The stream of water rippling over rocks, and the canopy of trees was beyond description. It was incredibly beautiful and peaceful. It felt wrong to feel so agitated there, but I did. I was ready to lay into Marcella about her church denying grace, being legalists, and putting their parishioners under the old covenant.
I had taken a deep breath, and then both a sigh and a fake chuckle. “You know, you have a friendly church and all, but it seems you all fail to understand grace.”
“We do?” she asked mildly. Her wide expressive eyes helped to relax me in my task of setting her straight. “How?”
“Your pastor is putting you under the law,” I told her.
“How’s that?”
“Well, the very first thing, the service started by putting the fourth commandment up on the screen, and you all read it.”
“Yeah, what’s wrong with that?”
“Well, nothing, but, I mean, you guys take it too seriously. I mean, what if, say, all doctors and nurses refused to work on the Sabbath?”

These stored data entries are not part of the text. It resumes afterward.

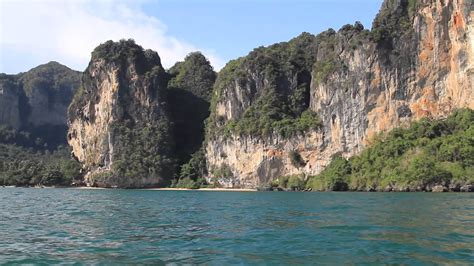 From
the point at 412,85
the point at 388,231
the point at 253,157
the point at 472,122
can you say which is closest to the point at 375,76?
the point at 412,85

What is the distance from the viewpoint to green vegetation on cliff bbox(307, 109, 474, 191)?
67.7 meters

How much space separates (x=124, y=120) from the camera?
13550 centimetres

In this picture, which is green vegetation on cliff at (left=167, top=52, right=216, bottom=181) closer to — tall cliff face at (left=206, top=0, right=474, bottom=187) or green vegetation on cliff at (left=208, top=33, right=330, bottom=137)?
tall cliff face at (left=206, top=0, right=474, bottom=187)

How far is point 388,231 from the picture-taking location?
64.7 ft

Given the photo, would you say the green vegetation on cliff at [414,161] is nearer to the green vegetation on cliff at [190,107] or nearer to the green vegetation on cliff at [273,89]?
the green vegetation on cliff at [273,89]

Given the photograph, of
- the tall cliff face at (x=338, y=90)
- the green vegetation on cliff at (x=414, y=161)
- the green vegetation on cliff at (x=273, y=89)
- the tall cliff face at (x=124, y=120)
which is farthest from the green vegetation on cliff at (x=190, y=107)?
the green vegetation on cliff at (x=414, y=161)

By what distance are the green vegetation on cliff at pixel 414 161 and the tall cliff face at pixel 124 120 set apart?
164 feet

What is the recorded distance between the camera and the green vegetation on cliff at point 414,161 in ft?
222

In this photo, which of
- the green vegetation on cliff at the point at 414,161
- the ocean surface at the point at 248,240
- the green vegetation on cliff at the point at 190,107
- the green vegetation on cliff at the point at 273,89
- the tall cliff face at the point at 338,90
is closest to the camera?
Answer: the ocean surface at the point at 248,240

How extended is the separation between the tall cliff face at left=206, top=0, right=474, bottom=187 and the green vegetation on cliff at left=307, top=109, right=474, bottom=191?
4.28 metres

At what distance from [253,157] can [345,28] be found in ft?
106

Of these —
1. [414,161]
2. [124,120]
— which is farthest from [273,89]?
Answer: [414,161]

She giggled, and it was both cute and annoying. “There are exceptions for situations such as that. But as far as regular labor, or shopping…”

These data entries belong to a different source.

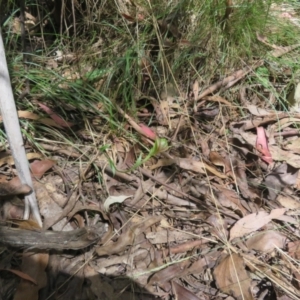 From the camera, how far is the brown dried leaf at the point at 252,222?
1.78m

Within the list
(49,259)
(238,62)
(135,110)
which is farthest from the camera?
(238,62)

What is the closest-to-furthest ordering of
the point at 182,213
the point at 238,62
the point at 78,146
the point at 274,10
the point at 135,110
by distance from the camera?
the point at 182,213, the point at 78,146, the point at 135,110, the point at 238,62, the point at 274,10

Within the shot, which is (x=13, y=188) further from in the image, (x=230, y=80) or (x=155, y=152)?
(x=230, y=80)

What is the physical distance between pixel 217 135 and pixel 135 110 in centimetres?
40

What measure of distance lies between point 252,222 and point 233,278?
27 cm

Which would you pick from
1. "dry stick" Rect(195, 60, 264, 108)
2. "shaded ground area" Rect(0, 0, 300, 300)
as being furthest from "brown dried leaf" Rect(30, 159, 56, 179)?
"dry stick" Rect(195, 60, 264, 108)

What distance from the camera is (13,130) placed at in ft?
4.66

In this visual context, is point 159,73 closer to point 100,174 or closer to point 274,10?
point 100,174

“The New Testament clearly tells us we are saved by grace through faith,” I interrupted.
“It sure does,” she agreed with an enthusiastic smile, disarming me even more, right before stabbing me with truth. She pulled out a small New Testament that she always seemed to carry. It wasn’t much bigger than a deck of cards. She opened it, found a passage of scripture, and handed it to me. “Read Romans 3:31.”
“Do we then make void the law through faith?” I read aloud. “’Certainly not! On the contrary, we establish the law.’ Okay, alright, now you read chapter four, and verse four.”

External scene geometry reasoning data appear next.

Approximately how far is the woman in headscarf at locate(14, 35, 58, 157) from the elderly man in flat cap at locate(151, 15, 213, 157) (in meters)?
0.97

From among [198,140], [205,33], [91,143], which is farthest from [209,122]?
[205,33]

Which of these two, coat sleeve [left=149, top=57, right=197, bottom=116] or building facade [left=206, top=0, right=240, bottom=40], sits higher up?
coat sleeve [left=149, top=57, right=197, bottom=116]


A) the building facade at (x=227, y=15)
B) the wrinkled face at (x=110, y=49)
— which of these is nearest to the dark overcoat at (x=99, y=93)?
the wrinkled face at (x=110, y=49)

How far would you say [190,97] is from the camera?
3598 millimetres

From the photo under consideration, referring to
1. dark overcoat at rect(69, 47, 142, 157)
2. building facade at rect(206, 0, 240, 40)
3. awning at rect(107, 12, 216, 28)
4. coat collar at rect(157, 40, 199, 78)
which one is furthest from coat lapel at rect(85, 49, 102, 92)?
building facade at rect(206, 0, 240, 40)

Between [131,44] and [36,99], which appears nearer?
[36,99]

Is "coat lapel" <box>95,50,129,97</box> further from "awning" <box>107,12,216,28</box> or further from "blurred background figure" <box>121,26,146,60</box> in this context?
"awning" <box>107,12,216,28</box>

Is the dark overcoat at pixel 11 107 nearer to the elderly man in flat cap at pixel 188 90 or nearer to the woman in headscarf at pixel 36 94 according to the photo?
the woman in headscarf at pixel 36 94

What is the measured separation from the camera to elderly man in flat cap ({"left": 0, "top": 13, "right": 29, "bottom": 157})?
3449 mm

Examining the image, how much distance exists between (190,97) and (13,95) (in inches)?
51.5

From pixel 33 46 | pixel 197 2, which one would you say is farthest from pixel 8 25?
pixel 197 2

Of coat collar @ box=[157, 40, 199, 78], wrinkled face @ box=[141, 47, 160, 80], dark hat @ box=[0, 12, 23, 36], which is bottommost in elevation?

“Now to him who works,” she read. “The wages are not counted as grace but as debt.”
“Well?” I asked after she read it.
“Well what? I agree with the text. Are you insinuating that I don’t love God?”
“No, of course not.”
She frowned, puzzled. “Then why did you show me that passage of scripture?”
I scratched my head, a bit puzzled myself. “I guess to show you that were not saved by works.”
“Of course we’re not. I obey God because I’m saved, not to be saved,” she explained. “Jesus said that if we love Him, keep His commandments (John 14:15). Are you familiar with the Bible verse that says, having a form of Godliness, but denying the power thereof?” (2 Timothy 3:5)
“Yes.”
“The passage you just shared reminds me of that, because what it is actually implying, is works without love. You see, you could say, a form of Godliness that denies the love thereof.”
“Okay, good point,” I admitted before getting to the heart of the matter. “But why be a stickler about the seventh day Sabbath, when the vast majority of Christendom keeps Sunday?”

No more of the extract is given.